When jobs mattered

I went to Cleveland, Tenn., this week to watch my granddaughter dance in a national competition, and on the way back I decided to do a little sightseeing.

US Route 74 travels along the Oconee River for awhile, the site of three dams built in the 1930s by the Tennessee Valley Authority. The first one (the westernmost) is the biggest, so I stopped to look and take a couple of pictures.

Standing by the map of the TVA dams was an older man who was telling everyone how his father helped to build this and several other dams in the region. He pointed some of the dams out, describing the work his father had done.

“Got to the point he knew as much about building dams as anyone,” he said. “He was gone a lot, but we had food and a place to live.”

Building these dams and other projects, including the Blue Ridge Parkway, were a way to put people back to work during the Great Depression.

The jobless rate now is approaching what it was then, if you count all the people who have been unemployed longer than 99 weeks and aren’t part of the statistics, plus the people who have had their hours cut back from 30 to 10 because they work part-time and have no bargaining rights. And let’s not forget the people who are working at menial jobs for $8 an hour because they can’t find anything in their field.

Last week, Congress and the President made matters worse by codifying the Republican desire to withhold money and services from the people who need them instead of increasing taxes on people who can well afford to pay.

There will be no TVA for this job crisis, no Works Progress Administration, Blue Ridge Parkway or schools construction. The current Congress believes it’s better to squeeze the poor and let our nation’s infrastructure crumble, our electrical grid disintegrate and our people starve.

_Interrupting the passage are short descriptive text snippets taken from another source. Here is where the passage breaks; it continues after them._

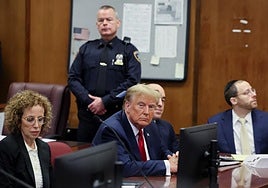 El Supremo de EE.UU. decidirá de urgencia sobre los aranceles de Trump, declarados ilegales por un tribunal inferior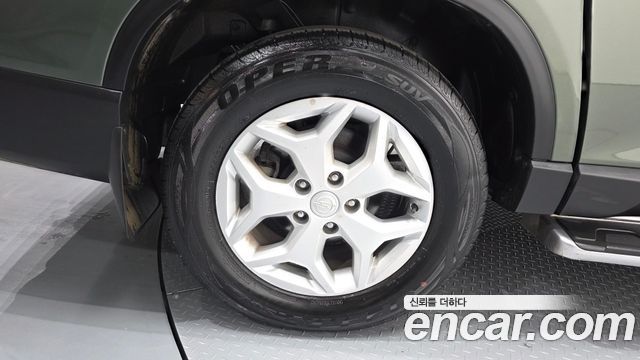 KG Mobility (SsangYong) Rexton Sports Diesel 2.2 2WD Prestige 2022 — фото 5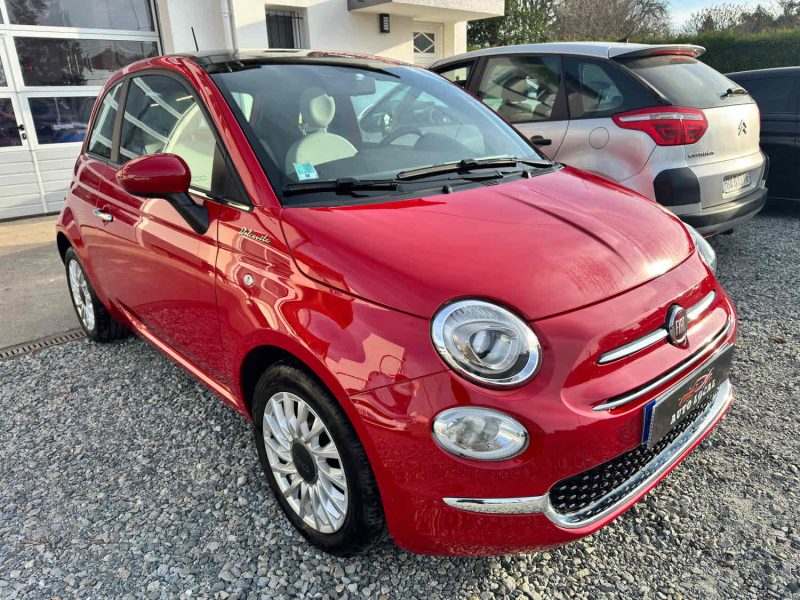 FIAT 500 2021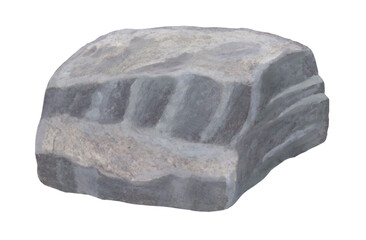 庭石のイラスト - 4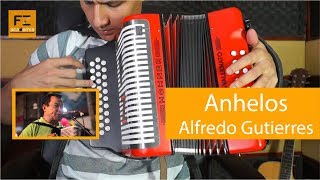 Anhelos Tutorial de Acordeón  FZ academia [upl. by Annohs]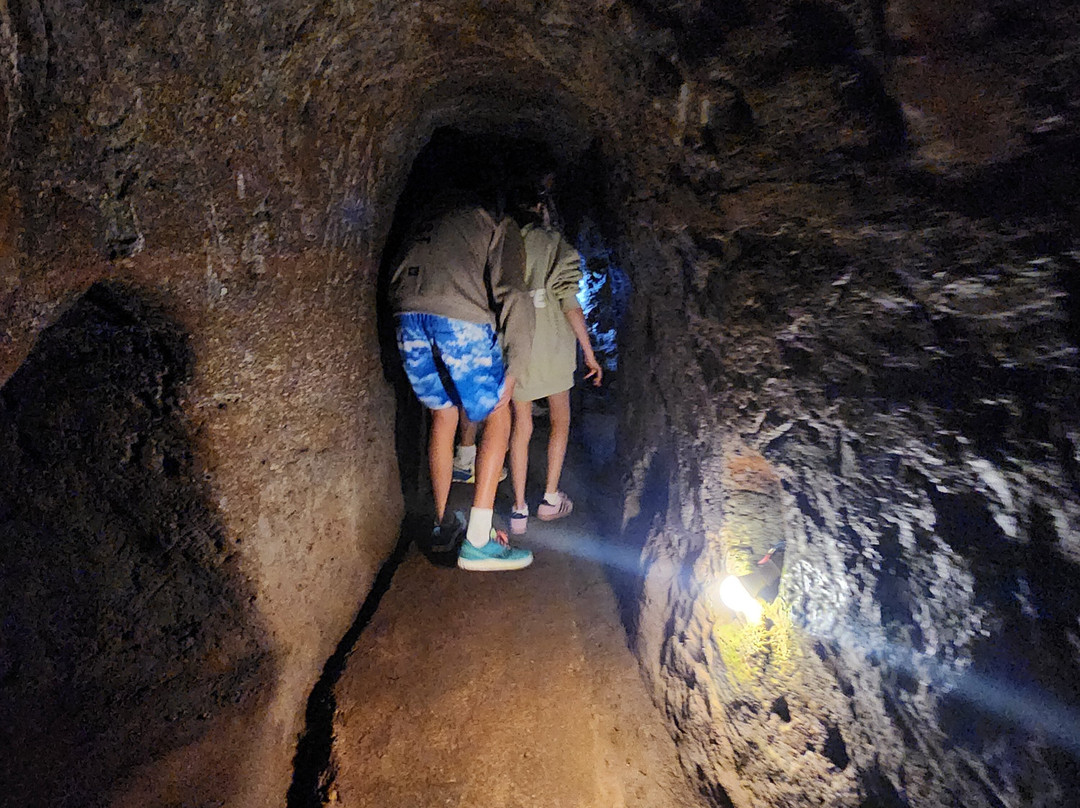 Vinh Moc Tunnel-Dong Ha必去景点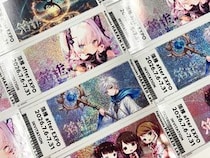 研文社のショールームで「箔推 After EXPO」開催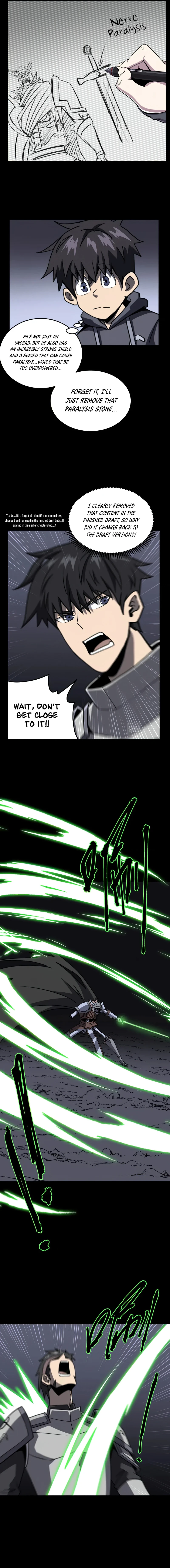 A Comic Artist Chapter 14 - Page 10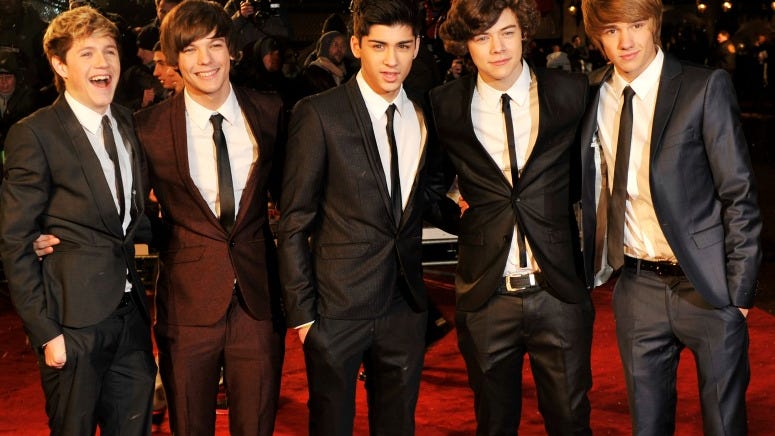 10 Years of One Direction: Ranking the Members With the Experts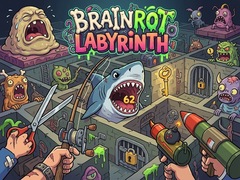 Jeu Brainrot Labyrinth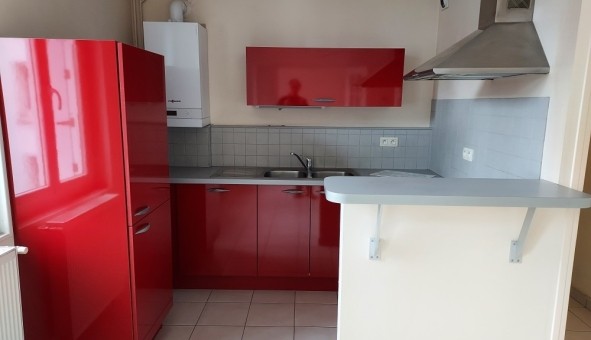 Logement �tudiant Location T3 Vide Beuvillers (14100)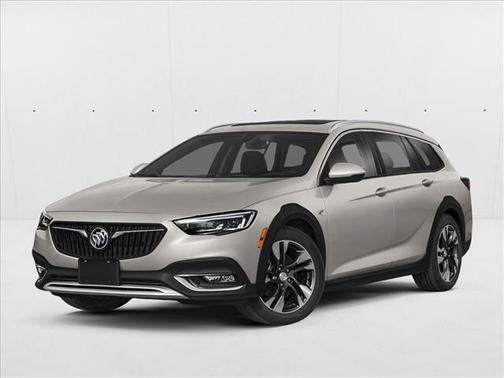 2018 Buick Regal TourX Essence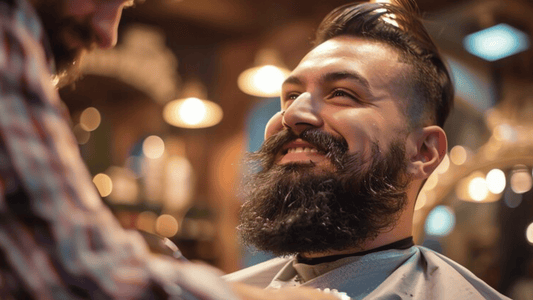 professional beard services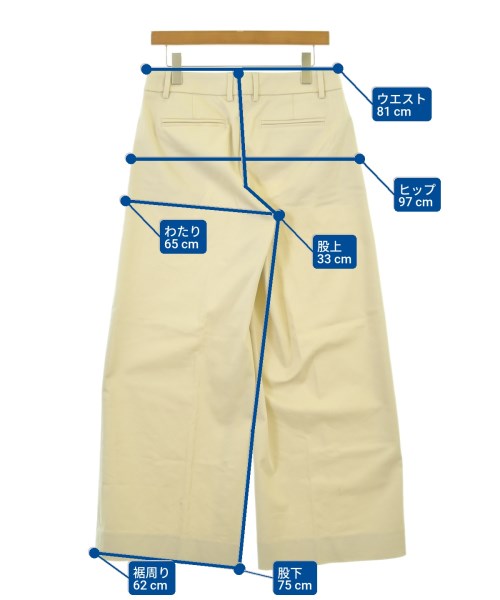BANANA REPUBLIC กางเกงขายาว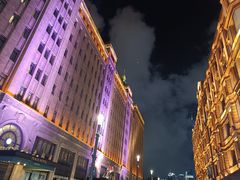 -上海和平饭店 Fairmont Peace Hotel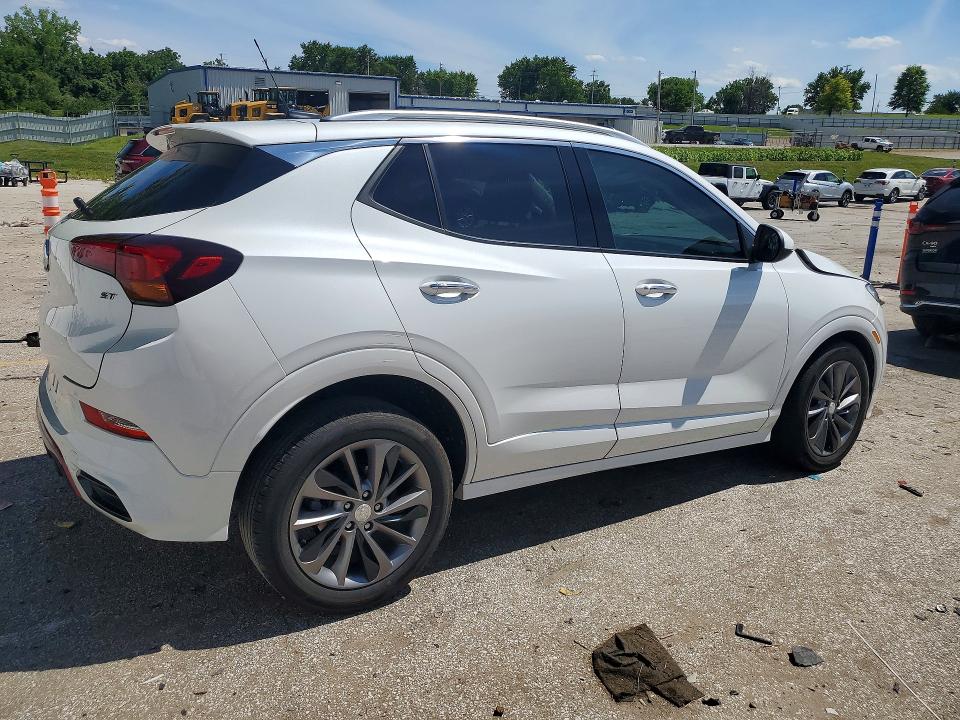 Aukcja sprzedaży 2022 Buick Encore Gx, vin: KL4MMFSL9NB016087, numer aukcji: 58088486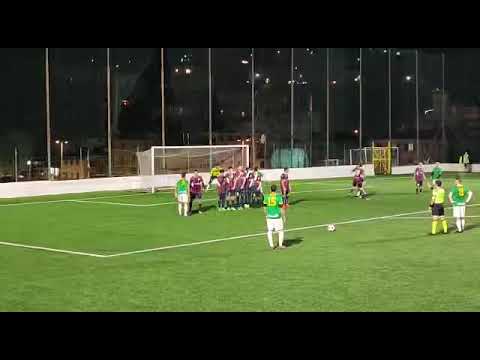 Goliardica vs Bargagli : il gol di Merialdo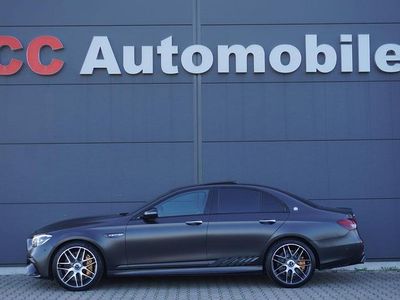 Gebraucht Mercedes E63 AMG AMG 612 PS (450 kW) 2022 Grau Limousine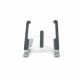 5. DICOTA D31889 Laptop Stand Notebook Stand Black, Silver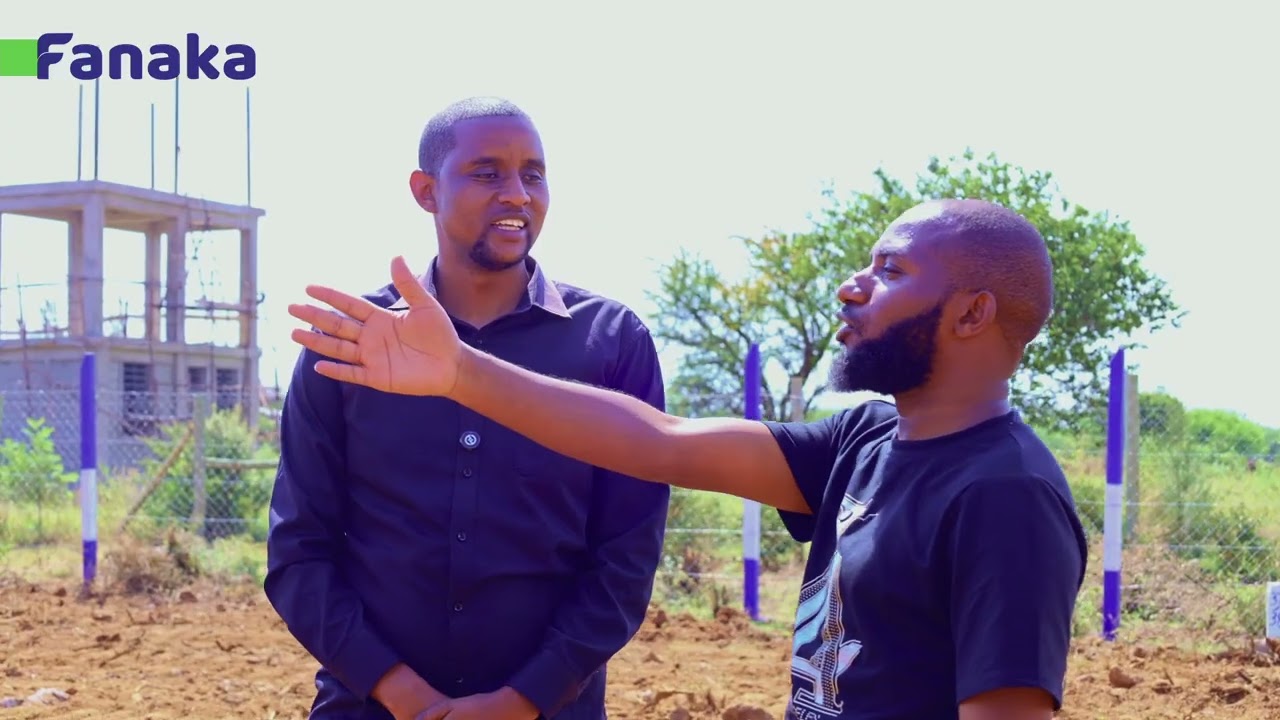 Why invest in Ngong? Hear it from the CEO of Fanaka Real Estate;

If we don’t care that people are losing their homes at an alarming rate and that children are going to bed hungry, then we ought to care about national security. How can we as a nation compete in a global market when our roads and bridges are unsafe and our electrical grid antiquated? Our children’s education is lacking and it’s getting worse as budgets are cut at the local, state and national levels.

Once upon a time, we cared that people were out of work and that we needed a better power grid and roads. We spent money on those things and built a great nation that could compete and even excell on every level. We trained engineers and laborers and we built roads, dams and electrical lines. These jobs weren’t just busy-work, they were important, and much of the word done during the 1930s stands today as a testament to the power of government to make people’s lives better.

It’s awe-inspiring to look at the Oconee 1 Dam and know that families were housed and fed because of the honest work its construction provided.

Today, the richest Americans hoard their wealth and ignore the needs of working people as the nation crumbles around them.